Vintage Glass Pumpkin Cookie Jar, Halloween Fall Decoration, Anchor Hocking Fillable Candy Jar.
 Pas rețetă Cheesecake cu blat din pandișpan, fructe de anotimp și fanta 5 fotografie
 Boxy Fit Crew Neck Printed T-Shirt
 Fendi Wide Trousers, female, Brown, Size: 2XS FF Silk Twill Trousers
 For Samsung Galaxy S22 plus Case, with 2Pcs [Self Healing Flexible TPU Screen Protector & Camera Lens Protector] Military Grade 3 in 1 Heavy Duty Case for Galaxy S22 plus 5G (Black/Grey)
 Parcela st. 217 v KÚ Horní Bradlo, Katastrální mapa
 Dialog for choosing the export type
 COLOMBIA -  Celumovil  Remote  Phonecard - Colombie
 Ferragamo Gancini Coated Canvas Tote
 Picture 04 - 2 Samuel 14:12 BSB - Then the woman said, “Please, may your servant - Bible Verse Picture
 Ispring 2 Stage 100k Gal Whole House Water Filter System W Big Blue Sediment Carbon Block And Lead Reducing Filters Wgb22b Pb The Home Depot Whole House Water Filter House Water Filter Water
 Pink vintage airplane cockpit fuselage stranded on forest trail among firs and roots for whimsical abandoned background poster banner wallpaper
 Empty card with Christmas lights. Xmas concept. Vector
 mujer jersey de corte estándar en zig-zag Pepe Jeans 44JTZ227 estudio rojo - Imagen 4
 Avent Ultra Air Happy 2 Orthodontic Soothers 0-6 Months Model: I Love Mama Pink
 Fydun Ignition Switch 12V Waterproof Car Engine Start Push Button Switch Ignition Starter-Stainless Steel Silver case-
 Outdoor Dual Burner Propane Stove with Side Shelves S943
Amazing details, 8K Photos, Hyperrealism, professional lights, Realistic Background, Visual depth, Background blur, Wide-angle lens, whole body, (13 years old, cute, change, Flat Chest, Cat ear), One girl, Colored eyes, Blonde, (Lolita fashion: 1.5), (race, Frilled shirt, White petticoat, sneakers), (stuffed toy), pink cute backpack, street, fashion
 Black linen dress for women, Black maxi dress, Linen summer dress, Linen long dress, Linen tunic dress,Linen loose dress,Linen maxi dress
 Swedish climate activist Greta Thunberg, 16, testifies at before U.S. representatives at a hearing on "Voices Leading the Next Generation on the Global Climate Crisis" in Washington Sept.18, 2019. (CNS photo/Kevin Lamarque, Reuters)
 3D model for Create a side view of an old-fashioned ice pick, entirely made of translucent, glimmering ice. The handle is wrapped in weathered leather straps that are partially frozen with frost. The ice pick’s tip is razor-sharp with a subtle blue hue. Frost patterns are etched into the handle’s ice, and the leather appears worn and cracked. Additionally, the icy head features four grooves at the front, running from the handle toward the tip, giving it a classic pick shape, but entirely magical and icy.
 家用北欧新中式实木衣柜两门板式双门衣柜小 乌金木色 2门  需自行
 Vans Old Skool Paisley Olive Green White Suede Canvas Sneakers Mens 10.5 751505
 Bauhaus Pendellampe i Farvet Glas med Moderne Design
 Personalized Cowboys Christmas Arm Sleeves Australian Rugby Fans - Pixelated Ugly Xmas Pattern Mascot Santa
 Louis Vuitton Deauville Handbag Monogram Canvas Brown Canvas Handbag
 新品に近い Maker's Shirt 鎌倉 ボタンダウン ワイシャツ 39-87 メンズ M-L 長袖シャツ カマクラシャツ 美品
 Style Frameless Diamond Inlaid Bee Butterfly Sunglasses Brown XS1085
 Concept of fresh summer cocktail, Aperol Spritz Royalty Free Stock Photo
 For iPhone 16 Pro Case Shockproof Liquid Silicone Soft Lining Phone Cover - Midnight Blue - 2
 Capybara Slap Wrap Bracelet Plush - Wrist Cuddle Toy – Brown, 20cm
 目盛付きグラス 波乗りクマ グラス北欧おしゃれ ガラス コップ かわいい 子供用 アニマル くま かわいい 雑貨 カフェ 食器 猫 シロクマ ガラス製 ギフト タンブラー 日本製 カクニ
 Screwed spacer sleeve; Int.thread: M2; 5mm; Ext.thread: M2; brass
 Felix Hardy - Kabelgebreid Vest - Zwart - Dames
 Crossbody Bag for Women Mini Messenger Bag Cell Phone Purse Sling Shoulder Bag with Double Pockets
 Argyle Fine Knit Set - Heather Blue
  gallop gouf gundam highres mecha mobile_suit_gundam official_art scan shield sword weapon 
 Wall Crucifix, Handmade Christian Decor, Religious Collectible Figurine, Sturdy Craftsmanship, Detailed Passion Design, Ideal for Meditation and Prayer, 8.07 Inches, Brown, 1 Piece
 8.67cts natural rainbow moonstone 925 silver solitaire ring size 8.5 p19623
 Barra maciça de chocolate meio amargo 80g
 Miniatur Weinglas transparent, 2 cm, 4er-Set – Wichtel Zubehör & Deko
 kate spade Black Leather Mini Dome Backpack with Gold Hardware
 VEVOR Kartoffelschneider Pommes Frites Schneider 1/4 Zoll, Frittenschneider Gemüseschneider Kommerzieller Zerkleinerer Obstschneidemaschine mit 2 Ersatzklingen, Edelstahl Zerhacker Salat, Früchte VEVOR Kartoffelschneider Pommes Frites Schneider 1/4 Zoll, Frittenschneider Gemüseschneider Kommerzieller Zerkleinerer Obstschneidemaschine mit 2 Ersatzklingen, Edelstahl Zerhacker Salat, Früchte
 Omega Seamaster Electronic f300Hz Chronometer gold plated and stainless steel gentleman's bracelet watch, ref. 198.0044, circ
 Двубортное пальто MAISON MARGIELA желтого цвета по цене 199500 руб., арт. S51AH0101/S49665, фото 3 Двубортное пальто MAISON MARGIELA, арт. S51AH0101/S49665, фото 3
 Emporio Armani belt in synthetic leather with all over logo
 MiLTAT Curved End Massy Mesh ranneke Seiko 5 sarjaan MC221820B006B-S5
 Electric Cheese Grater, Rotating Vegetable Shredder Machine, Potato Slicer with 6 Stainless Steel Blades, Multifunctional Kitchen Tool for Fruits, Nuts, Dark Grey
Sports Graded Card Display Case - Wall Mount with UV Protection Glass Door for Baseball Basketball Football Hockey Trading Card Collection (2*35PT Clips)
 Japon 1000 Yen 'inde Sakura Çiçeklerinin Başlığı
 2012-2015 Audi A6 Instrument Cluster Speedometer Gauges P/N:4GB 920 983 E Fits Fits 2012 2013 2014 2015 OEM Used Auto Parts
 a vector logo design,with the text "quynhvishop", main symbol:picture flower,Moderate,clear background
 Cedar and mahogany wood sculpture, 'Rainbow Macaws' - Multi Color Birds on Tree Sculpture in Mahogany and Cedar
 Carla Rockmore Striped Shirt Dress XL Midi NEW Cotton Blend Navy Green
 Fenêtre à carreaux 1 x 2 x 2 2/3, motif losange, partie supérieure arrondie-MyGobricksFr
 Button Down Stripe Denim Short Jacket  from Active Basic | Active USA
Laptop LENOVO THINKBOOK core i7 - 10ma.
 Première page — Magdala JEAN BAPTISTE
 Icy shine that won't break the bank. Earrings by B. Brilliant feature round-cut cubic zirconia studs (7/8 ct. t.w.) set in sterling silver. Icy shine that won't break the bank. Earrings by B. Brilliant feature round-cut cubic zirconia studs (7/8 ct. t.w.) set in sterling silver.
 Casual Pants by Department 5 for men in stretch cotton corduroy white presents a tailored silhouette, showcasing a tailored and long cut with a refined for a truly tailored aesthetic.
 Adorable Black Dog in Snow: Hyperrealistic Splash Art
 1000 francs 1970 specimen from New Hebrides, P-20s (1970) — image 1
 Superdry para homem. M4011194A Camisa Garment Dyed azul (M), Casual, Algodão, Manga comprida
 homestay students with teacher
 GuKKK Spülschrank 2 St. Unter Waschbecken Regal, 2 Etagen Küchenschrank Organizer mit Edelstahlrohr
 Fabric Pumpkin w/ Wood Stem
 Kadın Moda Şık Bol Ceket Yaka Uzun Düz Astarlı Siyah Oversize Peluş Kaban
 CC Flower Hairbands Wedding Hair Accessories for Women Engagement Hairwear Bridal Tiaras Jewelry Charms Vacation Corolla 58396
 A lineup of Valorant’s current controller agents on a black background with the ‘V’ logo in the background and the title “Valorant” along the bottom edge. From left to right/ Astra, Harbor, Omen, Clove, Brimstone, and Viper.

.....

- [Task goal]
Starting with the line that holds "Style Frameless Diamond" and ending with the line that holds "kate spade Black", retype every line in the data above exactly, and nothing else.

- [The answer]
 Style Frameless Diamond Inlaid Bee Butterfly Sunglasses Brown XS1085
 Concept of fresh summer cocktail, Aperol Spritz Royalty Free Stock Photo
 For iPhone 16 Pro Case Shockproof Liquid Silicone Soft Lining Phone Cover - Midnight Blue - 2
 Capybara Slap Wrap Bracelet Plush - Wrist Cuddle Toy – Brown, 20cm
 目盛付きグラス 波乗りクマ グラス北欧おしゃれ ガラス コップ かわいい 子供用 アニマル くま かわいい 雑貨 カフェ 食器 猫 シロクマ ガラス製 ギフト タンブラー 日本製 カクニ
 Screwed spacer sleeve; Int.thread: M2; 5mm; Ext.thread: M2; brass
 Felix Hardy - Kabelgebreid Vest - Zwart - Dames
 Crossbody Bag for Women Mini Messenger Bag Cell Phone Purse Sling Shoulder Bag with Double Pockets
 Argyle Fine Knit Set - Heather Blue
  gallop gouf gundam highres mecha mobile_suit_gundam official_art scan shield sword weapon 
 Wall Crucifix, Handmade Christian Decor, Religious Collectible Figurine, Sturdy Craftsmanship, Detailed Passion Design, Ideal for Meditation and Prayer, 8.07 Inches, Brown, 1 Piece
 8.67cts natural rainbow moonstone 925 silver solitaire ring size 8.5 p19623
 Barra maciça de chocolate meio amargo 80g
 Miniatur Weinglas transparent, 2 cm, 4er-Set – Wichtel Zubehör & Deko
 kate spade Black Leather Mini Dome Backpack with Gold Hardware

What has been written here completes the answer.